(Extracted records begins)
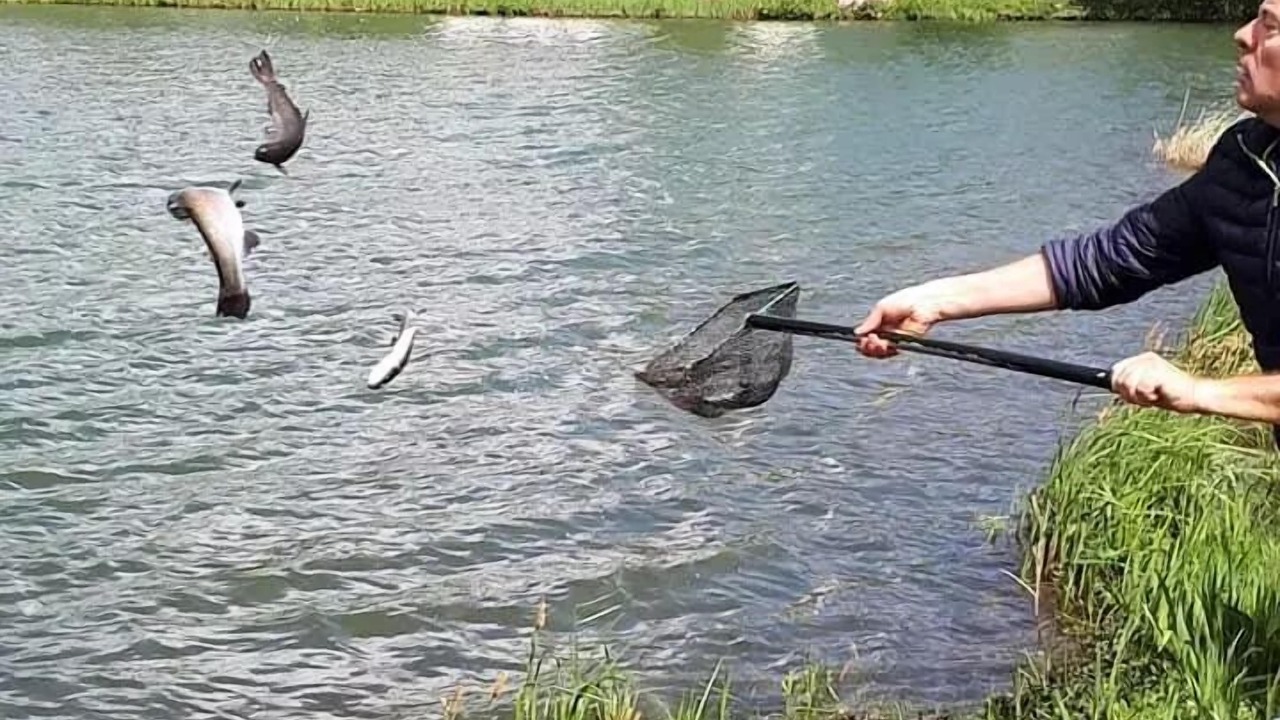 Photo of Others in Martigny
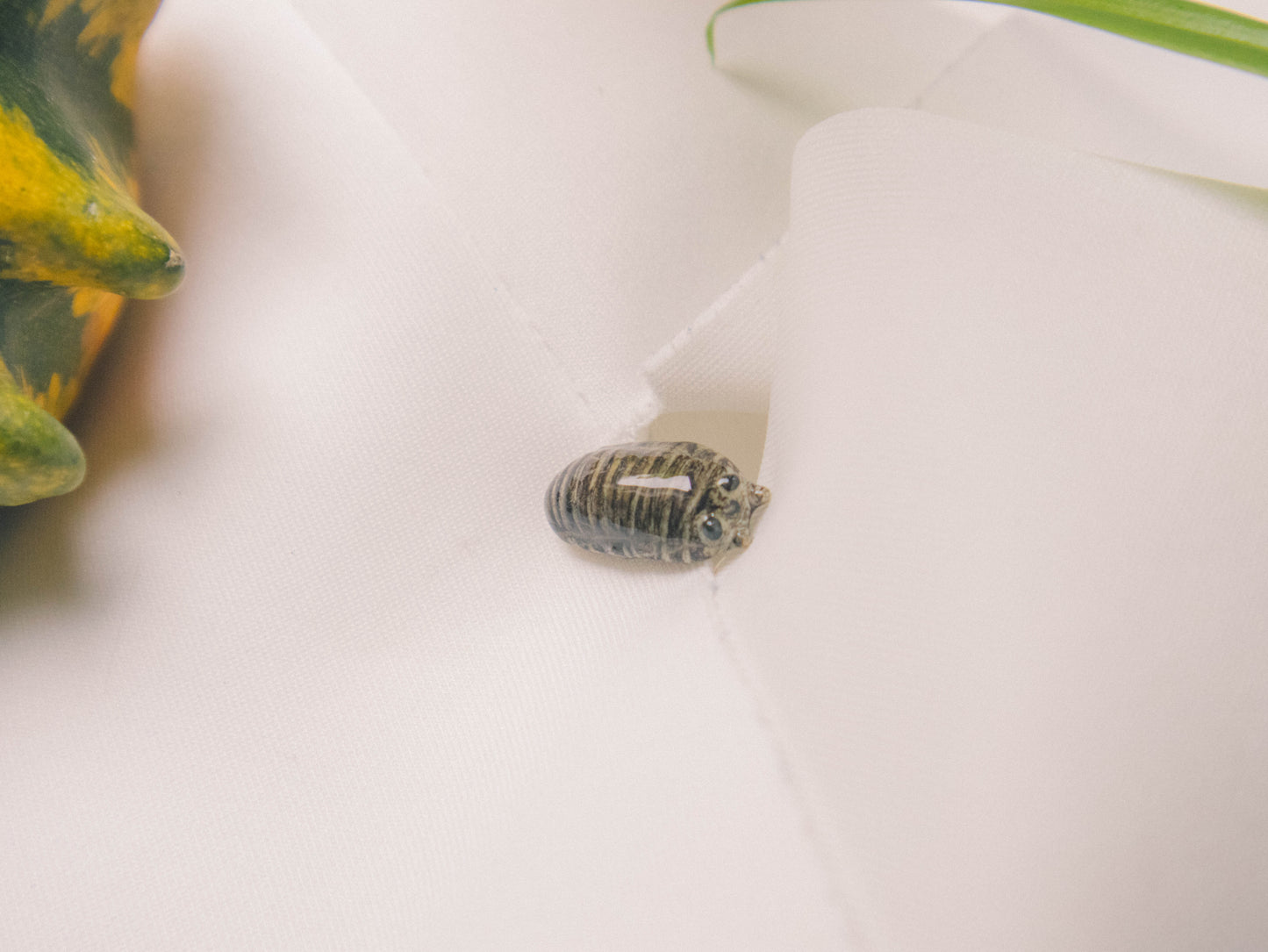 Roly Poly Isopod Pins
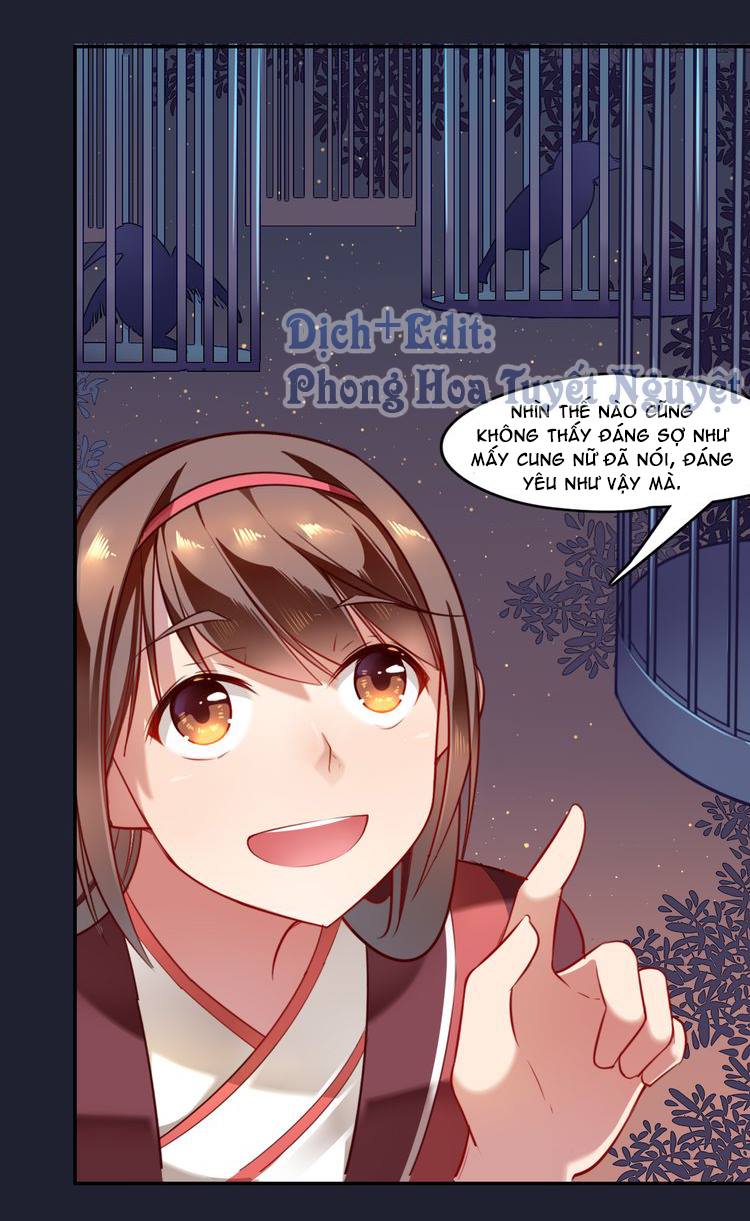 Cẩm Lý Quy Chapter 1 - Trang 2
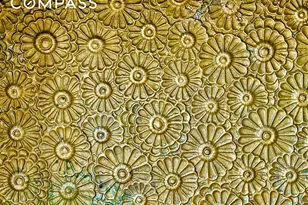 292 Halsey St, Brooklyn, NY 11216 - Photo 5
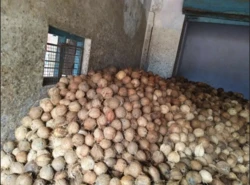 fresh coconut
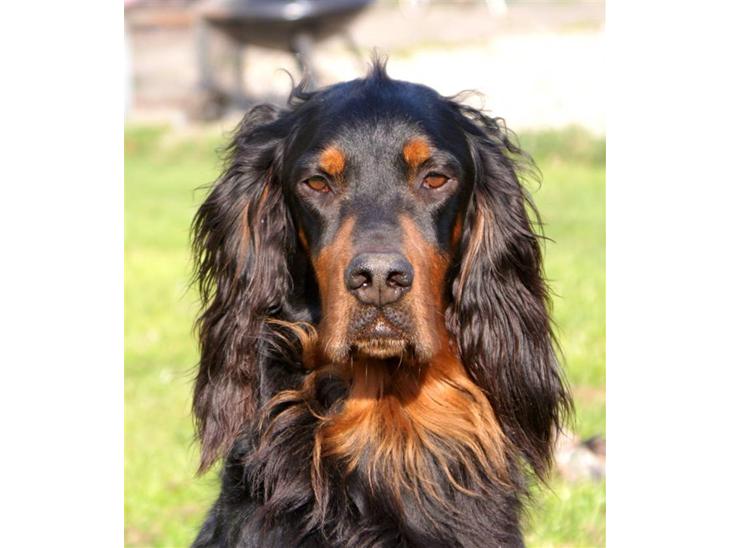 Gordon setter Felix - Velkommen til Felix´ profil (: Elsker dette billede af ham! billede 1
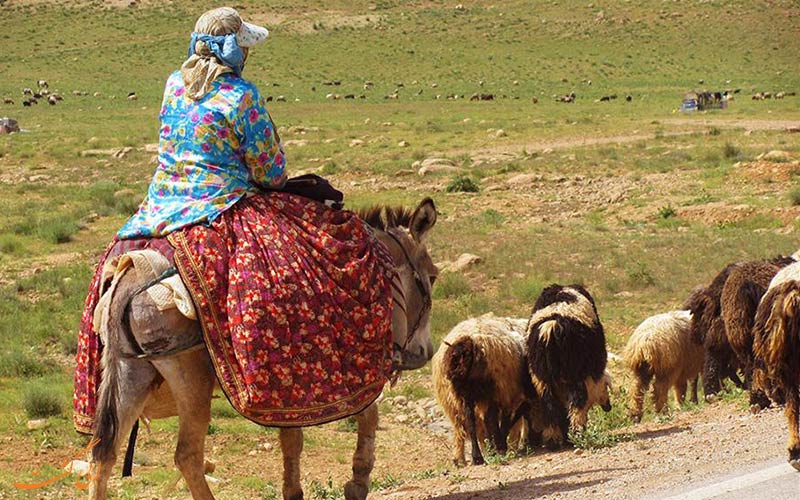 ایل قشقایی ایل قشقایی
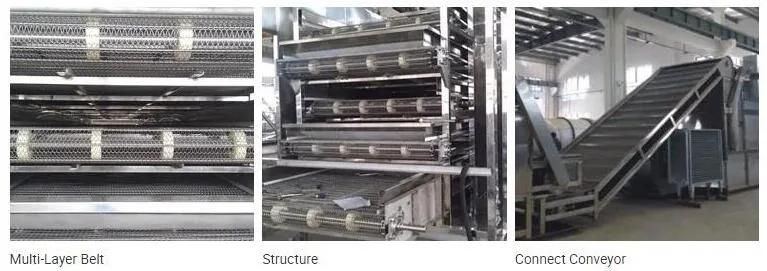Automatic Customized Fruit Vegetable Ginger Garlic Onion Slice Drying Line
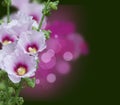 Pink mallow blossoms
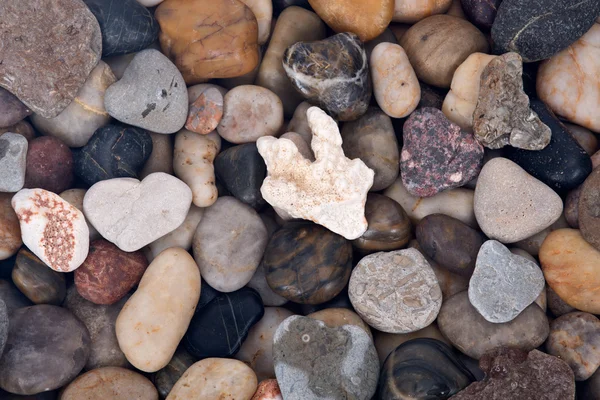 Cáscara marina y piedra de guijarro fondo — Foto de Stock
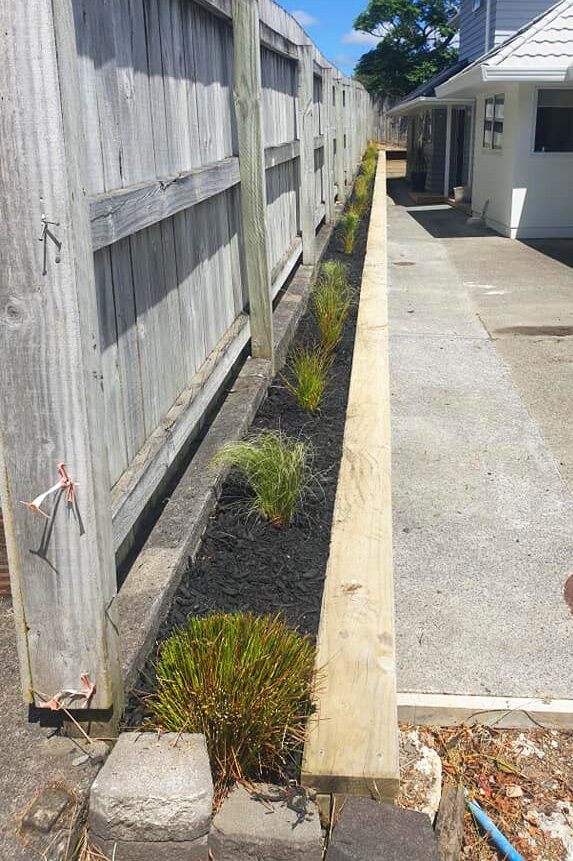 Planting and garden transformation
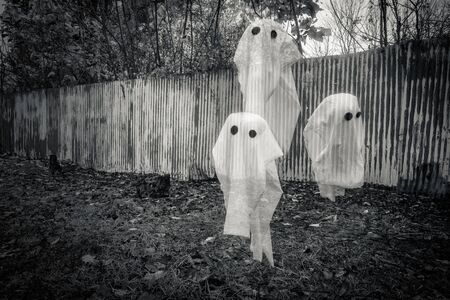 Spooky Halloween ghost spirits floating in the airの写真素材
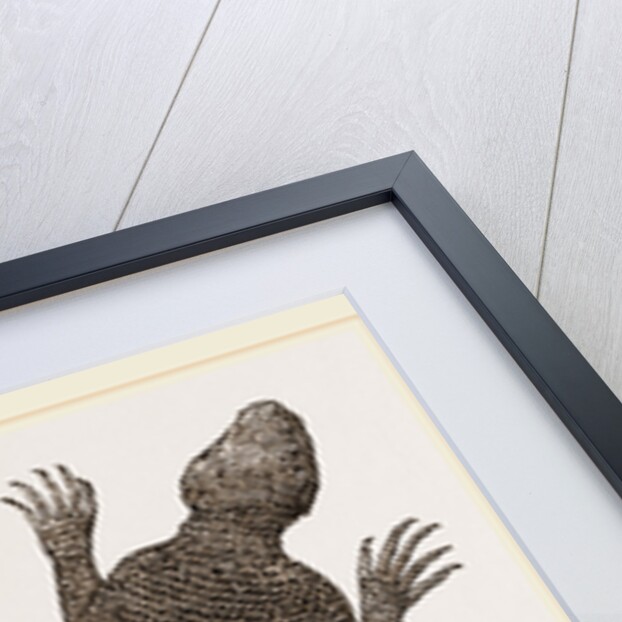 Spiny Agama by Anonymous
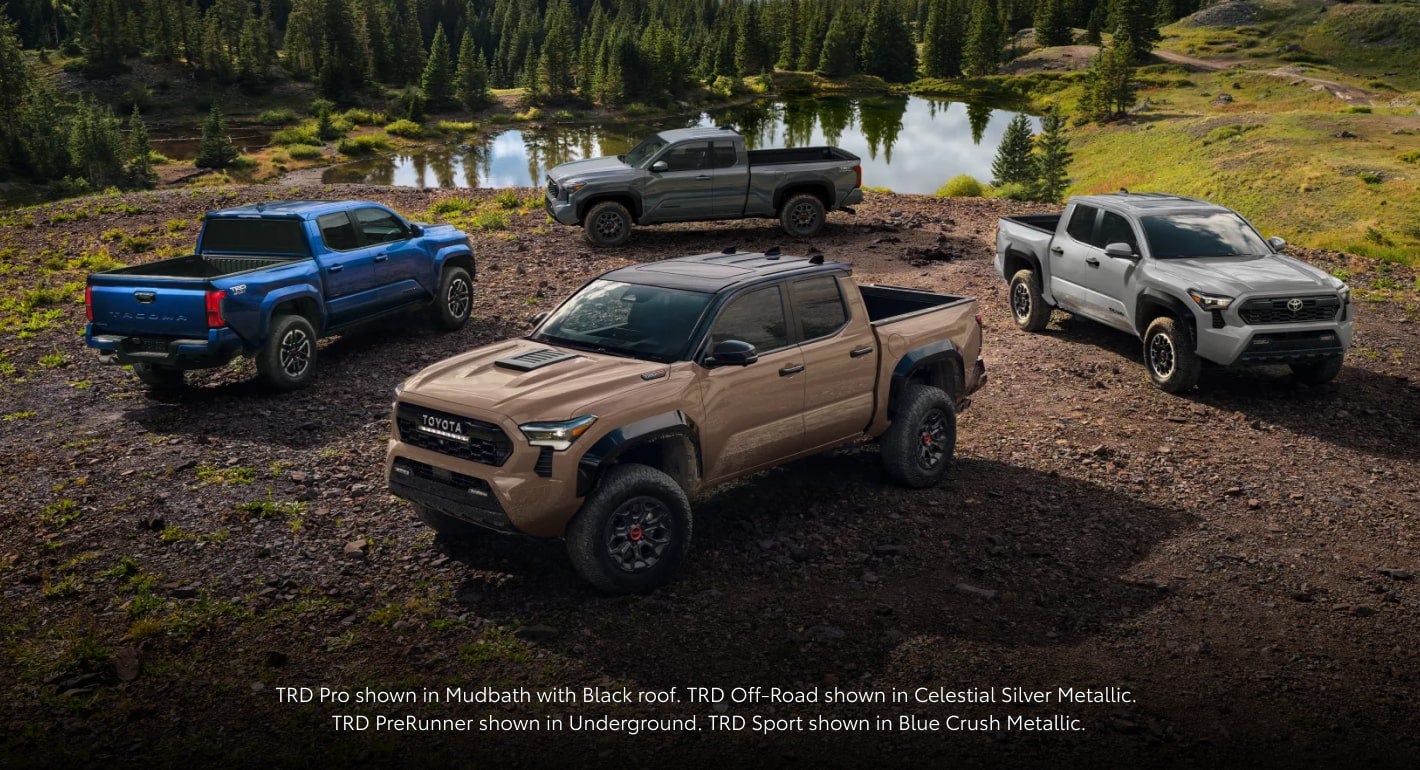 2025 Toyota Tacoma Trims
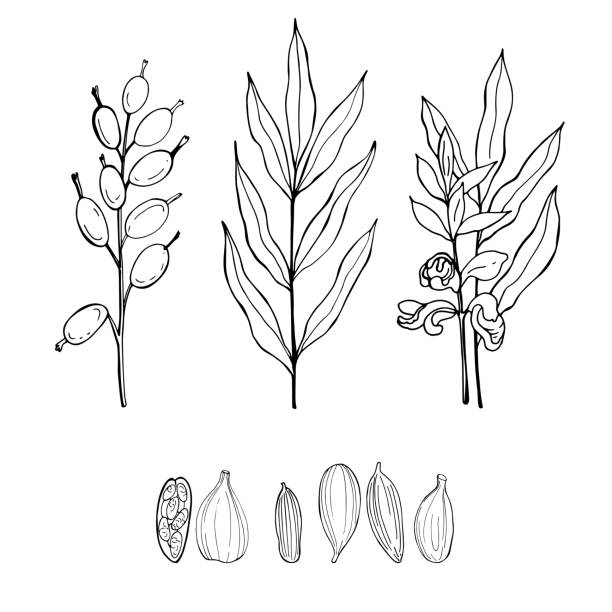 ilustrações de stock, clip art, desenhos animados e ícones de hand drawn cardamom. vector   illustration. - cardamom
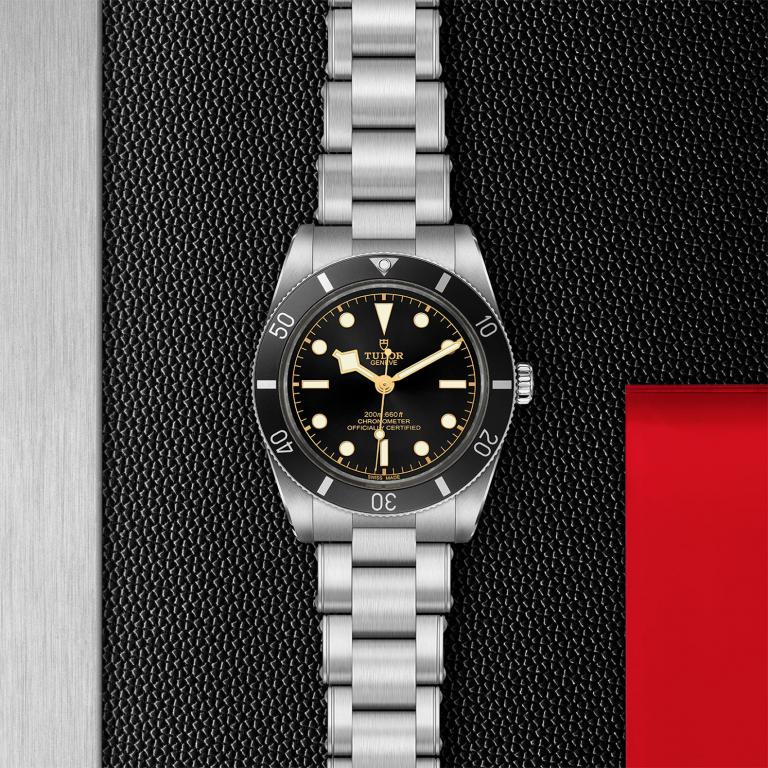TUDOR Black Bay 54 slide 1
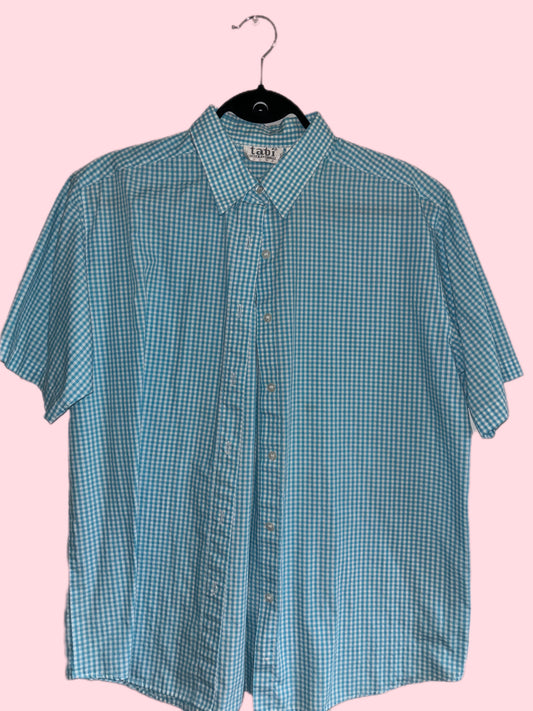 Baby blue gingham button up (L)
(Extracted records ends)
== Problem requirements ==
Leave out every picture, and write out exactly the lines from the one with "Gordon setter Felix" through the end of the records above, both ends included.

== Solution ==
 Gordon setter Felix - Velkommen til Felix´ profil (: Elsker dette billede af ham! billede 1
 ایل قشقایی ایل قشقایی
Automatic Customized Fruit Vegetable Ginger Garlic Onion Slice Drying Line
 Pink mallow blossoms
 Cáscara marina y piedra de guijarro fondo — Foto de Stock
 Planting and garden transformation
 Spooky Halloween ghost spirits floating in the airの写真素材
 Spiny Agama by Anonymous
 2025 Toyota Tacoma Trims
 ilustrações de stock, clip art, desenhos animados e ícones de hand drawn cardamom. vector   illustration. - cardamom
TUDOR Black Bay 54 slide 1
 Baby blue gingham button up (L)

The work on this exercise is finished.